Records excerpted from a collection:
== == ==
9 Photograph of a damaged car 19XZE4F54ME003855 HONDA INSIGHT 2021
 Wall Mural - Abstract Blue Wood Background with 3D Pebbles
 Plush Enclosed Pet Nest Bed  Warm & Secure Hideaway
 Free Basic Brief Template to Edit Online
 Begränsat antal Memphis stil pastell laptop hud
== == ==
Every record shown above should be set down again exactly.

9 Photograph of a damaged car 19XZE4F54ME003855 HONDA INSIGHT 2021
 Wall Mural - Abstract Blue Wood Background with 3D Pebbles
 Plush Enclosed Pet Nest Bed  Warm & Secure Hideaway
 Free Basic Brief Template to Edit Online
 Begränsat antal Memphis stil pastell laptop hud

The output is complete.